Unfortunately, the film is played straight and deadly serious. I think it would have been better (and better-received) if it had used Troma’s "bad-taste-is-really-funny" philosophy instead of playing it straight. There really is almost no humor in the film. It also dragged in places and was surprisingly slow in parts, even for a gross-out film such as this.
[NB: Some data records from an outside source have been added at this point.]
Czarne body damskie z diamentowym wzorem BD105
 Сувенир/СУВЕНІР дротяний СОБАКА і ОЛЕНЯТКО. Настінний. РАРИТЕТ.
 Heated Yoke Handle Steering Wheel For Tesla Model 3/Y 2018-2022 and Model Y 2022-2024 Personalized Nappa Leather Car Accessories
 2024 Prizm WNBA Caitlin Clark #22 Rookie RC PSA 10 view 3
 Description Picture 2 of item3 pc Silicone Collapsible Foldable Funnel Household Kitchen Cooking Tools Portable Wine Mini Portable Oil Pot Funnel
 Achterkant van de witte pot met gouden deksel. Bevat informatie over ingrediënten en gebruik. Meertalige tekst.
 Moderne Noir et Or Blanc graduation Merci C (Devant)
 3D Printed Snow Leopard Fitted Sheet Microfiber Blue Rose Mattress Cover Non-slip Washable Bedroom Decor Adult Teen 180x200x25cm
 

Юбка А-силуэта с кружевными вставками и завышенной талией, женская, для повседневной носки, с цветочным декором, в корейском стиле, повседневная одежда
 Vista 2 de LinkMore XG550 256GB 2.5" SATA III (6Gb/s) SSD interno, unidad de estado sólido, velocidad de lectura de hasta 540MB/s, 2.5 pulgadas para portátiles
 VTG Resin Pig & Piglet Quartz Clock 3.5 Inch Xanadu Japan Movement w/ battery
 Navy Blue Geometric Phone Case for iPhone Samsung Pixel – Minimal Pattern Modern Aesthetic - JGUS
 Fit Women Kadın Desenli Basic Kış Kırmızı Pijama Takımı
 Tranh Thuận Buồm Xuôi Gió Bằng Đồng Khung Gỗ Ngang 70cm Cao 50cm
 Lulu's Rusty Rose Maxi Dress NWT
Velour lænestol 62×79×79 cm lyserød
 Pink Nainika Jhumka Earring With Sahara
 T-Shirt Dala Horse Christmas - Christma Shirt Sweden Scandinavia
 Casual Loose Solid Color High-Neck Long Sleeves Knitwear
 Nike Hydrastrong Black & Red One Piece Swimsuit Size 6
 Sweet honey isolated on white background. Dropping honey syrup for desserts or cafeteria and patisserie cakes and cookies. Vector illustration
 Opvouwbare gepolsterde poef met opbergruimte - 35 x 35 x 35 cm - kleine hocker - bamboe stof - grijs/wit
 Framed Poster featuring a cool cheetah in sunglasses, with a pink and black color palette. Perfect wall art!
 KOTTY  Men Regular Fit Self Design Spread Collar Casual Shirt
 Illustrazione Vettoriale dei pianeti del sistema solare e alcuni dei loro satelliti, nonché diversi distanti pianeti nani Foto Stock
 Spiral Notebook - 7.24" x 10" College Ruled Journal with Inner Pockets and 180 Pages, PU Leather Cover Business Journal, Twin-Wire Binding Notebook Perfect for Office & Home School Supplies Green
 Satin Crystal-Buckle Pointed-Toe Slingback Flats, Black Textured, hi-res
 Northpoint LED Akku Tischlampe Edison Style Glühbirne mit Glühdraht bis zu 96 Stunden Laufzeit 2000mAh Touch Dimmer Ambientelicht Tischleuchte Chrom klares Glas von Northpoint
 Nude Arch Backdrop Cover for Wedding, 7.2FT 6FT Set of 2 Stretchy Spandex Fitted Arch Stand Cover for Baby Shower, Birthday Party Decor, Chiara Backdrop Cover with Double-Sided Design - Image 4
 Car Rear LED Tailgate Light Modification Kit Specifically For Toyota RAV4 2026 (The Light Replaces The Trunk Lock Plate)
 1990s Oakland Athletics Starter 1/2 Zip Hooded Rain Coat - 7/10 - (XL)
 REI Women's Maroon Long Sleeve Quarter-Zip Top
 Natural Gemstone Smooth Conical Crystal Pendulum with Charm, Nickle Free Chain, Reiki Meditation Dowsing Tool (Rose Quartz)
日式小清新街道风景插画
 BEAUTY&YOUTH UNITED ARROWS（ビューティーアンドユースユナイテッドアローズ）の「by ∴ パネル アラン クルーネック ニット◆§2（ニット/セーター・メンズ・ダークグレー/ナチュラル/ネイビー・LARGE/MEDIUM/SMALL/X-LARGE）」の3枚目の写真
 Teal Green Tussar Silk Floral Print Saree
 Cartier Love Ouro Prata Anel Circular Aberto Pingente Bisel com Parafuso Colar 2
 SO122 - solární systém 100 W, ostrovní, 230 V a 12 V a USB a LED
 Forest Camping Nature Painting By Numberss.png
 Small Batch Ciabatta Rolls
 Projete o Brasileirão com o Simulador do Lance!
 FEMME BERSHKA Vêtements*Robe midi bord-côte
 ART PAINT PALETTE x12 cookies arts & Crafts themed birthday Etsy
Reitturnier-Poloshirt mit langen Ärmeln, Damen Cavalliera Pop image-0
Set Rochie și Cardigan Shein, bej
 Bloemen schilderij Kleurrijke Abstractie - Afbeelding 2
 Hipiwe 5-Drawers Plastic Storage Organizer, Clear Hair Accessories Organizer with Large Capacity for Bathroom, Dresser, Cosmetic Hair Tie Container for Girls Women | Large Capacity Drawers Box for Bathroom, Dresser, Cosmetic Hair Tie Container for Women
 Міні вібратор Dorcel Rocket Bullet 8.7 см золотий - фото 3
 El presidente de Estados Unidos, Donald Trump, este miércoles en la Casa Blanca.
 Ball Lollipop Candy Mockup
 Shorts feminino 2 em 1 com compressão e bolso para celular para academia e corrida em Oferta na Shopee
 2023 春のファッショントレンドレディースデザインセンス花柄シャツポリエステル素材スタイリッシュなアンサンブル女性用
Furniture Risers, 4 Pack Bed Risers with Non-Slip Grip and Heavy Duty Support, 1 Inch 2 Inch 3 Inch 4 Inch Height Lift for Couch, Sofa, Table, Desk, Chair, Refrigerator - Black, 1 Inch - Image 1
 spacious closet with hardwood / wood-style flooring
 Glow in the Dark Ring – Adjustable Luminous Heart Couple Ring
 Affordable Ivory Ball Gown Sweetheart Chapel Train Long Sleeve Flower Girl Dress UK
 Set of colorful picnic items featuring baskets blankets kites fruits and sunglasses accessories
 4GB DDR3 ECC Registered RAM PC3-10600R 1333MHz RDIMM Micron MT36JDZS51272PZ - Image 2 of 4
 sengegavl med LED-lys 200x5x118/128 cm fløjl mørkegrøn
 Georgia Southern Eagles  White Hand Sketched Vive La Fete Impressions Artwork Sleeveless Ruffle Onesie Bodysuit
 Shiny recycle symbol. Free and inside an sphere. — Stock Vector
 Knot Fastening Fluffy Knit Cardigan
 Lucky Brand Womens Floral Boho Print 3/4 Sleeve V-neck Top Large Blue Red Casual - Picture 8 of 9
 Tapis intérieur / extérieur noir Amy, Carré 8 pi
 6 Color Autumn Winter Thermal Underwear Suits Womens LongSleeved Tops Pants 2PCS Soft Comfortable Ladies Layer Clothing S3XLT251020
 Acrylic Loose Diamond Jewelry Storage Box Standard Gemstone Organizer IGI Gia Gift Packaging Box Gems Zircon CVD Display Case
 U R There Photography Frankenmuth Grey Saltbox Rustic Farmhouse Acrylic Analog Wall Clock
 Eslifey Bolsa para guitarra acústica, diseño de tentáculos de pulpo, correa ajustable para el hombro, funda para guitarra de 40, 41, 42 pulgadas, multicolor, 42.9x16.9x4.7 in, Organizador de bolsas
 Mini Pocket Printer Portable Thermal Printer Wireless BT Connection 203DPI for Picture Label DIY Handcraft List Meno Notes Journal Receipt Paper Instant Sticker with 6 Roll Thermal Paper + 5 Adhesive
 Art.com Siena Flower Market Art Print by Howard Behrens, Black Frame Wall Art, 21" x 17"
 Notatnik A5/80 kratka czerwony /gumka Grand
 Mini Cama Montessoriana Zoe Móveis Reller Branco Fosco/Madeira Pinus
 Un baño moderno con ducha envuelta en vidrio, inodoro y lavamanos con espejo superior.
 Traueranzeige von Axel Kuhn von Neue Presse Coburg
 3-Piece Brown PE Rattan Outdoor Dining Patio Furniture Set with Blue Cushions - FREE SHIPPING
Ultimately, I can’t recommend the film except for fans of extreme cinema (and most will be disappointed as the concept is sicker than the actual depiction) and possibly those who are just interested in the buzz the film has generated. The film itself must have made enough money to be successful as the director is in post-production of the sequel, The Human Centipede: Full Sequence, to be released sometime in 2011. I also find it interesting that this film is readily available at both Wal-Mart as well as many RedBox locations, although I hear that the RedBox version is a cut version, having removed the "feeding" sequence. I assume the Wal-Mart version is uncut, but I am unsure as I viewed this from Netflix streaming in the apparently uncut form.